I know that this time of year can be very stressful. Can you feel a heightened sense of stress and anxiety this year? It can be very difficult to navigate those once-a-year holiday parties, or family get-togethers. Now is the perfect time to preserve your energy even when dealing with heightened stress and anxiety that often comes with getting together with co-workers or family. Today’s Front-Row Friday video will teach you three things that you can do to prepare for the potential difficult time. There are people, places, and things that can be triggering for you, so these three ideas should help.
1. Know, set, and respect your boundaries. It helps to know what your triggers are: what people push your buttons, what places bring back memories that make you uncomfortable and what situations usually end up in disaster. Know your boundaries of when you simply need to say no. Then, set that boundary and respect it. If that means saying no to an annual get together, then say no. No excuses, you can just say no. If someone insists that they need to know why you’re not coming, just simply say, it’s not going to work this year.

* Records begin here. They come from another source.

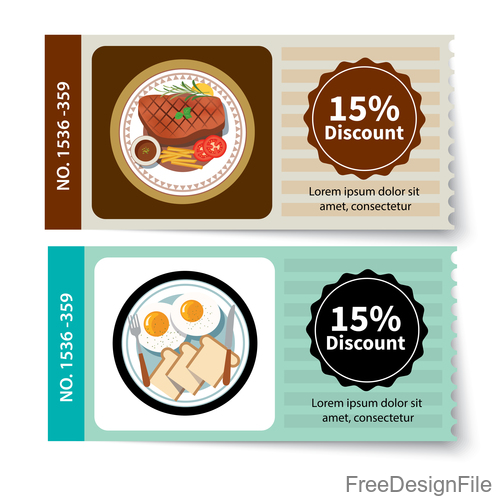 Restaurant discount coupon vector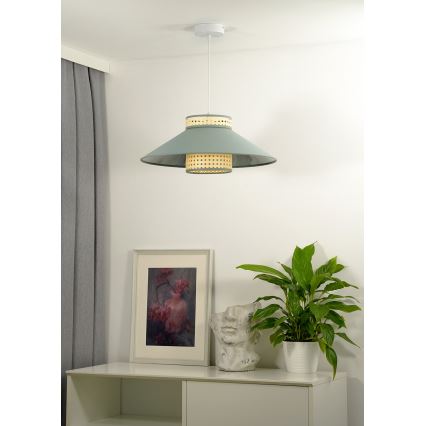 Duolla - Пендел RIO RATTAN 1xE27/15W/230V Ø 45 см зелен/ратан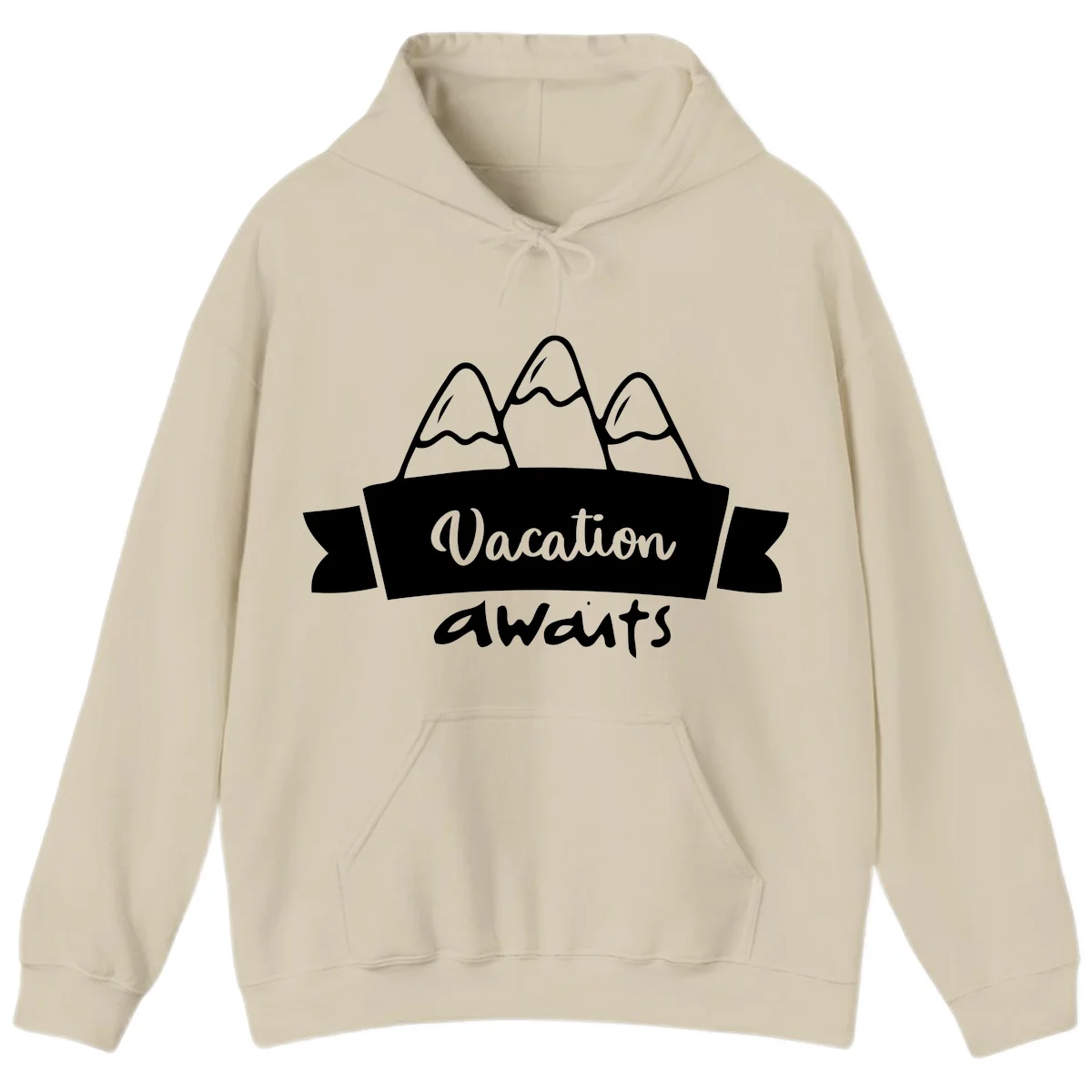 Vacation awaits mountains design featuring three snow-capped peaks with banner ribbon and elegant script text on gray background in Sand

Of course some people may deserve more of an explanation, but you get to decide who those people are.
2. Di-vest emotionally around those people who live to push your buttons. I think you know those people who wait until the whole family has gathered around the table and then they drop the most opinionated, judgmental, and inappropriate bomb on the group. They live for the reaction! If you choose to show up, then make sure you protect yourself by staying in curiosity. Don’t get defensive or take things personally. I even learned from Dr. Romani being interviewed on Mel Robbin’s Podcast on dealing with narcissistic people, she plays a game by keeping track of the put-downs. It’s hilarious to think that silently she’s hoping for one more put down so she can be rewarded with a massage! Brilliant! I’m not encouraging you to take abusive behavior, but if you choose to be around people who will never change, don’t get defensive, just take the high road and choose curiosity over defensiveness.
3. Have your BFF on speed dial. Strong people need help too. Helpers need help too. Let your inner circle know you may need help, and then plan on a get-together as soon as you get back. Some of the funniest texts go back and forth during stressful times, and that helps me tremendously when I’m in a temporary uncomfortable place.
I hope you will never need these strategies. I hope that whomever you choose to spend time with values you, validates you, and shows you unconditional front-row love. If not, I got you covered.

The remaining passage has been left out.